Les Jardins d'Haïti : faire entrer la vie grâce au « tiers-lieu »
Laurent Boucraut, 39 ans, n'a pas le parcours classique d'un directeur d'Ehpad. En 2010, il prend la direction des Jardins d'Haïti à la suite de son père, de son grand-père et de son arrière-grand-mère, fondatrice de l'une des premières maisons de retraite de France dans les années 1950. « Une dame exceptionnelle », se remémore celui qui tout petit jouait avec le personnel et les résidents dans l'enceinte de cette vieille institution marseillaise. Une structure privée à but non-lucratif située au milieu d'un bloc d'immeubles d'un quartier populaire et qui accueille aujourd'hui 90 résidents et 50 salariés. « Il a d'abord fallu asseoir ma légitimité de directeur, pour ne pas être seulement le fils de », se souvient cet ancien prof de ski du Club Med', diplômé d'un master en management des établissements de santé.
Une « maison à vivre »
Les premières années, quand il pousse la porte de son Ehpad, il ne se sent pas très bien. « En 2015, j'ai eu besoin de prendre du recul et je suis parti une année en Australie », raconte ce passionné de surf. En découvrant l'hôpital de Melbourne où sa femme médecin exerce, il « hallucine » : l'établissement est joli, il y a une crèche, une salle de sport, de la bonne musique, c'est agréable d'y déjeuner... De retour à Marseille, il envisage d'installer une crèche aux Jardins d'Haïti et se laisse convaincre de se lancer dans un projet bien plus ambitieux de démolition-reconstruction. Son idée : créer une « maison à vivre », un lieu « sympa » pour les résidents et le personnel, « qui casse les codes de la mort » pour y faire entrer la vie, les familles, les enfants, les étudiants, les gens du quartier...

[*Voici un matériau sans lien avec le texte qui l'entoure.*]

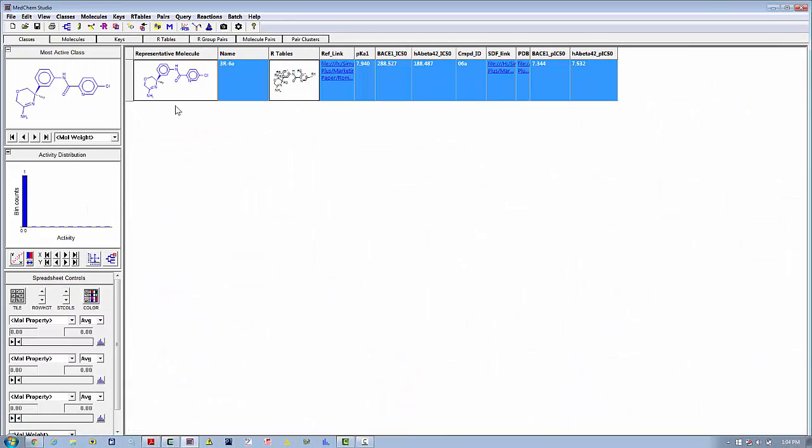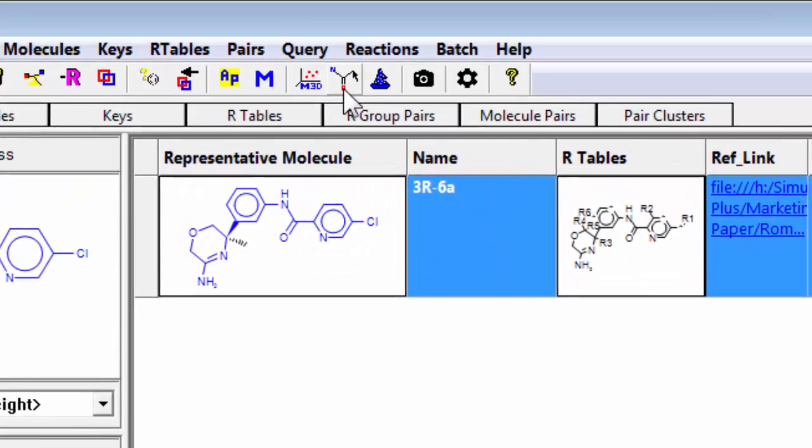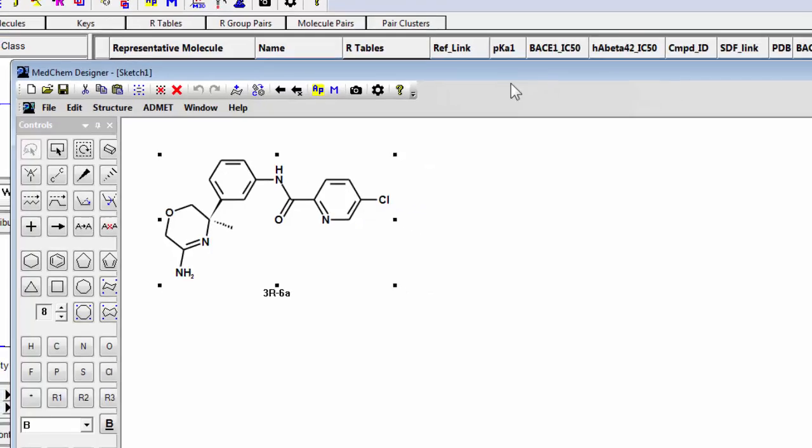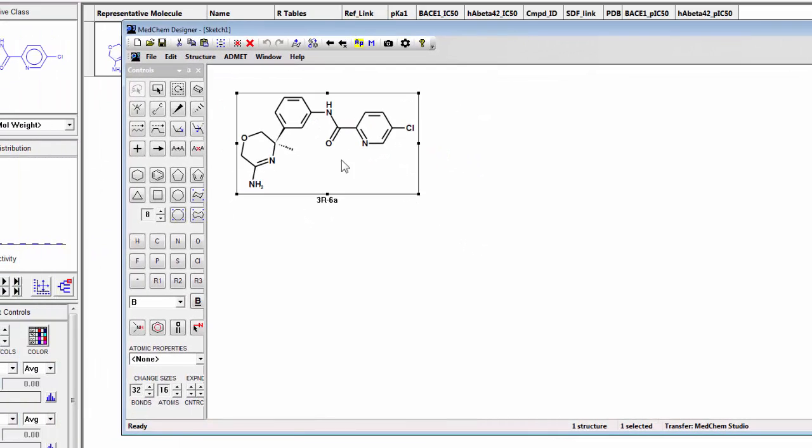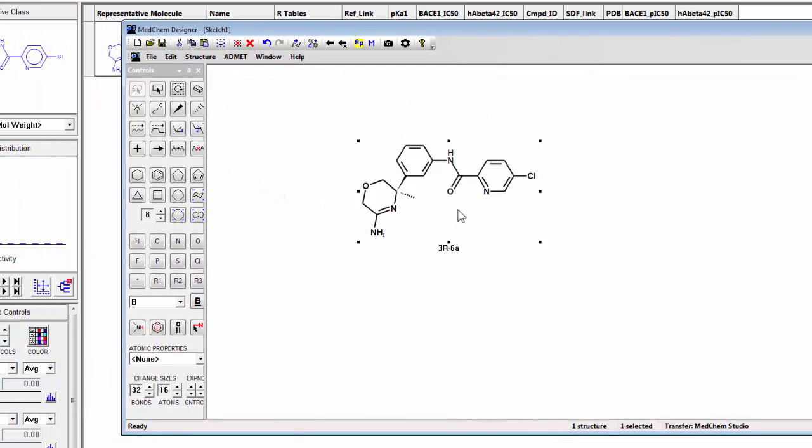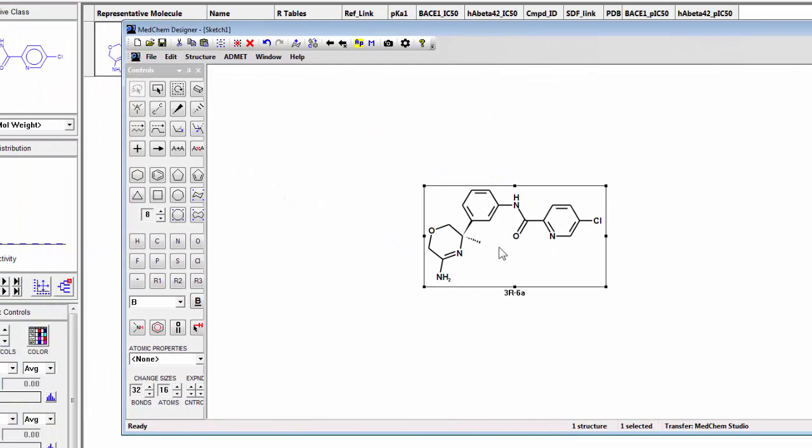Now that we've got a maximum common substructure defined, I'm going to take this compound here and take it into MedChem Designer and then orient it the way I want to.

Plan d'aide à l'investissement (PAI) de l'ARS
En 2020, après quatre ans de travaux, le bâtiment ouvre ses portes. Il propose de grands espaces décloisonnés, à la décoration soignée, proche du style d'un hôtel. « Ils sont vieux, donc on leur met de l'accordéon et du formica : je crois qu'il faut sortir de ces schémas », prône ce directeur énergique, qui constate une recrudescence des visites des familles, plus longues en moyenne.

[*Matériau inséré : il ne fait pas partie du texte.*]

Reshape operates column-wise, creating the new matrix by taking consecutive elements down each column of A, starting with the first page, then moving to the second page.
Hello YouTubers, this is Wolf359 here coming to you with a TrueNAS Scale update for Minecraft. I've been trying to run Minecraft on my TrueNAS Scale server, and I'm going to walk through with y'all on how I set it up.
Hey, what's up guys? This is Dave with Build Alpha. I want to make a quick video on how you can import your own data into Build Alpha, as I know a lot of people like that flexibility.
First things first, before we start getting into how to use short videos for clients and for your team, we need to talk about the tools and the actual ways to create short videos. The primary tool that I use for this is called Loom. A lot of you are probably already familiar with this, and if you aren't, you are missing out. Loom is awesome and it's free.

Le projet d'un montant global de 7 millions d'euros est financé à hauteur d'un million d'euros par un plan d'aide à l'investissement (PAI) de l'agence régionale de santé. Le tarif journalier (95 euros) a aussi été révisé à la hausse.
Les besoins du résident au centre
Fin 2021, Laurent Boucraut répond à un appel à projet de la CNSA et de l'ARS, sur la création de tiers-lieux, initié dans le cadre du plan d'aide à l'investissement prévu par le Ségur de la santé. Son dossier fait partie des 25 retenus sur les 365 audités. Il comporte plusieurs volets : l'aménagement d'un potager et d'un terrain de pétanque partagé avec le quartier, la création d'un appartement pour étudiants, l'ouverture du restaurant et du salon de coiffure aux voisins, un accueil en coworking gratuit, l'installation d'une bibliothèque-médiathèque, l'organisation de concerts... Ces projets, qui verront le jour courant 2022 grâce à une subvention de 119 000 euros, nécessitent du discernement, précise Laurent Boucraut, car l'objectif reste bien de toujours « se centrer sur les besoins du résident ».